Within the records below is a range that opens at the line with "Hi, welcome to" and closes at the line with "Hi everyone, thanks". Return that range word for word, both ends included, and only that range.

Dataset entries:

*** Begin section ***

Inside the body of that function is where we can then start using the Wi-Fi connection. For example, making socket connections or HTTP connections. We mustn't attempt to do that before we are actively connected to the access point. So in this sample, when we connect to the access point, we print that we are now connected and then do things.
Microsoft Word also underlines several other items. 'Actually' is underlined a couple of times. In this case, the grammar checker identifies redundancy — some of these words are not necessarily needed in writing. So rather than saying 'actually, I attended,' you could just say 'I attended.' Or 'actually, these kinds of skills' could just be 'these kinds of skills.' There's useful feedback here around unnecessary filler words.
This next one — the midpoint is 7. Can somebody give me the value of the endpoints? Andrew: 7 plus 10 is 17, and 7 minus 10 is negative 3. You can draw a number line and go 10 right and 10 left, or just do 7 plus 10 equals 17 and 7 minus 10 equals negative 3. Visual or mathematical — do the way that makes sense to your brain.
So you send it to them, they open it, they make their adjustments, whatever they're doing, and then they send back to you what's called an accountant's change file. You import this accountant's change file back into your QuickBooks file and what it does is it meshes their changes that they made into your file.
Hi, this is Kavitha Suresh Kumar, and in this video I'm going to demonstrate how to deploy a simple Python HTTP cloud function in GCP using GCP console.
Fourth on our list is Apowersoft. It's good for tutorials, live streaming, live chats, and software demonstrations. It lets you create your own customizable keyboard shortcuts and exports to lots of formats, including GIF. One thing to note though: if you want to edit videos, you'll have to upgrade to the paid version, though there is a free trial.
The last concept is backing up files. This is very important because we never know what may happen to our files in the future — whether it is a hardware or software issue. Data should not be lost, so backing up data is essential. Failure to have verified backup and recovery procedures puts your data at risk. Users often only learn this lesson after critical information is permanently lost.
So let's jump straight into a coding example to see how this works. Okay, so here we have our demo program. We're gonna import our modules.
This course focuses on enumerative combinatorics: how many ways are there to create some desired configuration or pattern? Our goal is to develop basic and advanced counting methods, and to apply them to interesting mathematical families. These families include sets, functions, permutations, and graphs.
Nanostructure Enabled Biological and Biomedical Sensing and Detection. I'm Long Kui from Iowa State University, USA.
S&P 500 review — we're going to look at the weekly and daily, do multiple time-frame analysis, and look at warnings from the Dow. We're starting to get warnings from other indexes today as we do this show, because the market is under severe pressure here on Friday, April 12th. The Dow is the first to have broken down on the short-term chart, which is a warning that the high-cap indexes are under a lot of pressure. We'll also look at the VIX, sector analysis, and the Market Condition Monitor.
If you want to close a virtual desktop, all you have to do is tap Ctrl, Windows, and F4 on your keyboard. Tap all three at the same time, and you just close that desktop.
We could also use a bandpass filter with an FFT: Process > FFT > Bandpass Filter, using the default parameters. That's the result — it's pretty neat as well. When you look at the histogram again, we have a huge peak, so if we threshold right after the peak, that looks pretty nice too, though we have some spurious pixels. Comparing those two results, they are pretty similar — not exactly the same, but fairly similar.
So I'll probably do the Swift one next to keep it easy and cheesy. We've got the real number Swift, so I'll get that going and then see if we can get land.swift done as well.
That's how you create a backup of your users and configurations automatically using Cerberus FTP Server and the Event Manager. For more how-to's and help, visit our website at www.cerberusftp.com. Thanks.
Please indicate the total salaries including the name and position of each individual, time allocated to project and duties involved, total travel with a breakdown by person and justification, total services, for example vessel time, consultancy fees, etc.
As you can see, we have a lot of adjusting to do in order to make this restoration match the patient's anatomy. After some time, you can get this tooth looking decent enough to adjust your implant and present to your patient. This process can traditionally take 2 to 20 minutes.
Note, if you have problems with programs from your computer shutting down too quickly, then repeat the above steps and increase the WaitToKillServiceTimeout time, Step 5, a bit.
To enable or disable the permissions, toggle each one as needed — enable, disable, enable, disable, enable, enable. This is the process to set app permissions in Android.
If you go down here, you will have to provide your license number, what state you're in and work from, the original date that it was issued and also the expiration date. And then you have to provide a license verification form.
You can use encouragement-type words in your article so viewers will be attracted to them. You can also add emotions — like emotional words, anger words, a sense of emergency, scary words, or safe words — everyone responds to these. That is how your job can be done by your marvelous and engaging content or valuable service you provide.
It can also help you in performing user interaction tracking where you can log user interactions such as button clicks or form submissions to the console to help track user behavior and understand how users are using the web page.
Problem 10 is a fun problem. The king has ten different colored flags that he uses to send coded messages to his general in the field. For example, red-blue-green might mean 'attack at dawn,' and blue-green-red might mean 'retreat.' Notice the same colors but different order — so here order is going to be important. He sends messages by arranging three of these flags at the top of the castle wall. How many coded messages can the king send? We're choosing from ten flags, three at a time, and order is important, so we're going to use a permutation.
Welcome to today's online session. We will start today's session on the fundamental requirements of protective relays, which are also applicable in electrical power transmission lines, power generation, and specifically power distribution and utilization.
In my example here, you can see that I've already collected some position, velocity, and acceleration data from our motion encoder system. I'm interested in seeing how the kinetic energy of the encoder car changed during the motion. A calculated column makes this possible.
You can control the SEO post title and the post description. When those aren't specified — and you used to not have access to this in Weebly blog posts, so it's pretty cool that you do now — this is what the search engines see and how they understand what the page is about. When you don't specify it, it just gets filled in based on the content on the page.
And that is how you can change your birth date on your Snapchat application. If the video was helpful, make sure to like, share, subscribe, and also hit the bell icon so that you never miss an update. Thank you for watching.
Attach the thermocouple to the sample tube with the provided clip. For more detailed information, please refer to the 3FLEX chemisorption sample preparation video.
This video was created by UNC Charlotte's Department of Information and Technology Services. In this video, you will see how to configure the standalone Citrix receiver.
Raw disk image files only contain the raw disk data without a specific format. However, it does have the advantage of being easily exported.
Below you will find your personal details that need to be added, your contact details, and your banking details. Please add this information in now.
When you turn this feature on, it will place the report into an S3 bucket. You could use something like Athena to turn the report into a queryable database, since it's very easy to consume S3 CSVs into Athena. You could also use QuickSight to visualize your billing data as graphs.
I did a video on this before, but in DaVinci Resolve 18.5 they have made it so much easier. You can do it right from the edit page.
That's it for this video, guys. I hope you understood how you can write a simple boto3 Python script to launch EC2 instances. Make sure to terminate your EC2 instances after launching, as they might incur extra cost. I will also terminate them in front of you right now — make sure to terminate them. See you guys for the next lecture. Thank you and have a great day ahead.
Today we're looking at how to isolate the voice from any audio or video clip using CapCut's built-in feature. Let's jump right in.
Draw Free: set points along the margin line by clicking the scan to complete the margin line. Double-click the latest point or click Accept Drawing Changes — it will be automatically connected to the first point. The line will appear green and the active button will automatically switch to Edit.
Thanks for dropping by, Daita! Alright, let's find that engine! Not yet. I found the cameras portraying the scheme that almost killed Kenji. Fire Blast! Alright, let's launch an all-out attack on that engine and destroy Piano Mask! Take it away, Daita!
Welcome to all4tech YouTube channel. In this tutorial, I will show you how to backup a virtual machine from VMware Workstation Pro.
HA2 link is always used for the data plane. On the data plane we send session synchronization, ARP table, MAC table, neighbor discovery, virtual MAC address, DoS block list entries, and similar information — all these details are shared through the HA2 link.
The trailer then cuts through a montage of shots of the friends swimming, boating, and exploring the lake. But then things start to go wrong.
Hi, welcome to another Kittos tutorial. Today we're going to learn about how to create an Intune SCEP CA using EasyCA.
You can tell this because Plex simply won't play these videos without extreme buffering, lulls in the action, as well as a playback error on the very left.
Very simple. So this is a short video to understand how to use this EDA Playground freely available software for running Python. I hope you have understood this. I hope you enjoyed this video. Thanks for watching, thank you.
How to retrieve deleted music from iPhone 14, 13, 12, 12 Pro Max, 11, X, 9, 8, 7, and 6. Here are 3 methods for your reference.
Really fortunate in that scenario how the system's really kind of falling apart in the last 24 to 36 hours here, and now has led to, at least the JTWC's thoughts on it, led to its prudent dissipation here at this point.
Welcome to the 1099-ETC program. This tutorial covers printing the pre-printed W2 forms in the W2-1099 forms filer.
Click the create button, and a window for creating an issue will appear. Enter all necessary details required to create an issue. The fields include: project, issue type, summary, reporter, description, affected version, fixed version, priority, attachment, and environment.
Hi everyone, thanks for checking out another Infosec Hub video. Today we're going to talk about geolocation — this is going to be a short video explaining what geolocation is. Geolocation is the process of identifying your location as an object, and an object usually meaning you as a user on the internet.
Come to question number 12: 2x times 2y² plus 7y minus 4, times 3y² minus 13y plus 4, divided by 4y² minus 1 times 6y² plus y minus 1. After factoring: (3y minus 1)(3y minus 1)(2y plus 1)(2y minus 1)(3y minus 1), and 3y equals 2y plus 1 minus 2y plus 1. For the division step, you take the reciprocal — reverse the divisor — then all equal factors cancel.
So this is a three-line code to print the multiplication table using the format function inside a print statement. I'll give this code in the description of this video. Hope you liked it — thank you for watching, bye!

*** End section ***

**TASK ANSWER**.
Hi, welcome to another Kittos tutorial. Today we're going to learn about how to create an Intune SCEP CA using EasyCA.
You can tell this because Plex simply won't play these videos without extreme buffering, lulls in the action, as well as a playback error on the very left.
Very simple. So this is a short video to understand how to use this EDA Playground freely available software for running Python. I hope you have understood this. I hope you enjoyed this video. Thanks for watching, thank you.
How to retrieve deleted music from iPhone 14, 13, 12, 12 Pro Max, 11, X, 9, 8, 7, and 6. Here are 3 methods for your reference.
Really fortunate in that scenario how the system's really kind of falling apart in the last 24 to 36 hours here, and now has led to, at least the JTWC's thoughts on it, led to its prudent dissipation here at this point.
Welcome to the 1099-ETC program. This tutorial covers printing the pre-printed W2 forms in the W2-1099 forms filer.
Click the create button, and a window for creating an issue will appear. Enter all necessary details required to create an issue. The fields include: project, issue type, summary, reporter, description, affected version, fixed version, priority, attachment, and environment.
Hi everyone, thanks for checking out another Infosec Hub video. Today we're going to talk about geolocation — this is going to be a short video explaining what geolocation is. Geolocation is the process of identifying your location as an object, and an object usually meaning you as a user on the internet.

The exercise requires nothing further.